Припомним: старец Филофей в послании к Мунехину о моровом поветрии проповедовал совсем иные меры. Не пытаясь угодить властям предержащим, он приводил им в пример царя Давида, который тоже пережил мор, но «не противился прещению Божию, якоже вы ныне». Средствами против подобных бедствий для старца и его древнерусских учеников были как раз всенародное «припадание» к Богу в церквах и пост. Собственно, как и в Библии: «Назначьте пост, объявите торжественное собрание, созовите старцев и всех жителей страны сей в дом Господа Бога вашего, и взывайте к Господу» (Иоиль 1:14). Особенность русского православного восприятия исторического времени – жизнь как в Библии, не взгляд на священную историю со стороны, но пребывание внутри нее.

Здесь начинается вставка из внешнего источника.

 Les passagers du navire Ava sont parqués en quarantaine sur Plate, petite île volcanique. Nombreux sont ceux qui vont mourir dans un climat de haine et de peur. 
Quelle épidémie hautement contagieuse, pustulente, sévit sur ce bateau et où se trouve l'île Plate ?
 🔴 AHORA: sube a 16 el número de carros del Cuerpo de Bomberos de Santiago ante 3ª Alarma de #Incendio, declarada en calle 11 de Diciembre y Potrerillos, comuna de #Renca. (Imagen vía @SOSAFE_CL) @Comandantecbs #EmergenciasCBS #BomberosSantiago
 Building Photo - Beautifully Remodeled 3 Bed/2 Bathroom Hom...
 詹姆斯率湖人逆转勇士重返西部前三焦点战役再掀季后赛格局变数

На нашей памяти трехдневный пост перед Воздвиженьем был объявлен патриаршим экзархом в Минске митрополитом Вениамином Тупеко во время уличного противостояния после президентских выборов 2020 года. «Не будем возлагать вину на других, а прежде всего посмотрим на сердце свое, что мы, каждый, неправильно сделали, от мала до велика… Со всей ответственностью говорю, сознавая важность своих слов, что никто как Бог поможет. Призываю в поручители за мои слова Матерь Божию и наших белорусских святых. Они нас учат, что зло можно преодолеть добром и обращением к Богу… Если же слова мои окажутся обманчивыми, то пусть даже завершится жизнь моя! Но прошу вас откликнуться на мой призыв». Проповедь митрополита прозвучала непривычно для духа времени, который как у нас, так и в других странах полон скорее риторикой поиска внешних причин бедствий, так что коварство врагов легко становится даже предлогом для ревизии собственной традиции. Между тем только по недоразумению в разговорах о «втором крещении» было забыто, что по учению Церкви «вторым крещением» называется именно покаяние: вера «во едино крещение» никакого «второго», кроме покаяния, и не предполагает.

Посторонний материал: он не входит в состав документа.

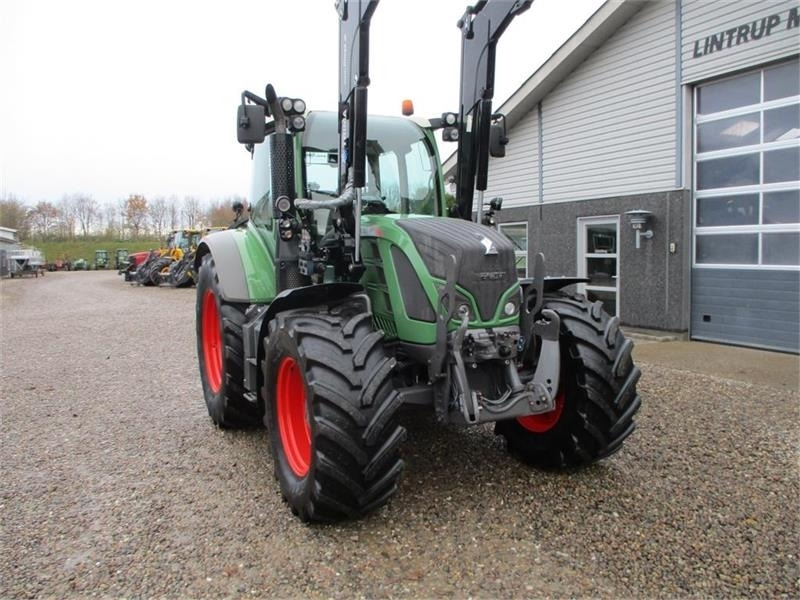 Tractor Fendt 514 Vario med frontlæsser og frontlift: foto 18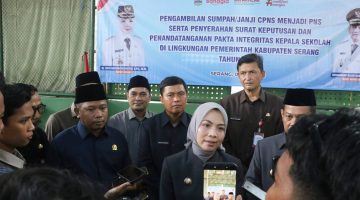 Bupati Serang Ratu Rachmatuzakiyah menyerahkan SK kepada ratusan kepala sekolah SD dan SMP dalam acara pengambilan sumpah PNS di Setda Kabupaten Serang.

Тема общенародного покаяния неоднократно поднималась в России со времени последних лет советской власти. Ей придавались различные трактовки: одни говорили, что покаяние должно быть именно в грехе цареубийства, другие – что заставить народ каяться хотят лишь его враги, недобитые белогвардейцы, иностранцы и т. д. (здесь явно вместо покаяния перед Богом представляли себе что-то политическое), третьи – что покаяние должно быть индивидуальным, сын за отца не отвечает и потому всенародное покаяние не имеет смысла. В этих дискуссиях упускался из вида простой и прямой смысл покаяния как «перемены ума» (таково значение греческого слова μετάνοια, славянским переводом которого в древности стало «покаяние»), имеющей характер межпоколенческий не потому, что вина предков механически переносится на потомков, а потому, что таков генезис «ума» – образа мыслей, чувств, привычек, воззрений, воспитания, образования, культуры. К тому же не может человек, получивший наследство, не платить по счетам наследодателя. Связность человеческой истории, ее живая ткань является причиной духовного закона, по которому «сыны ваши… будут нести наказание за блудодейство ваше» (Числа 14:33).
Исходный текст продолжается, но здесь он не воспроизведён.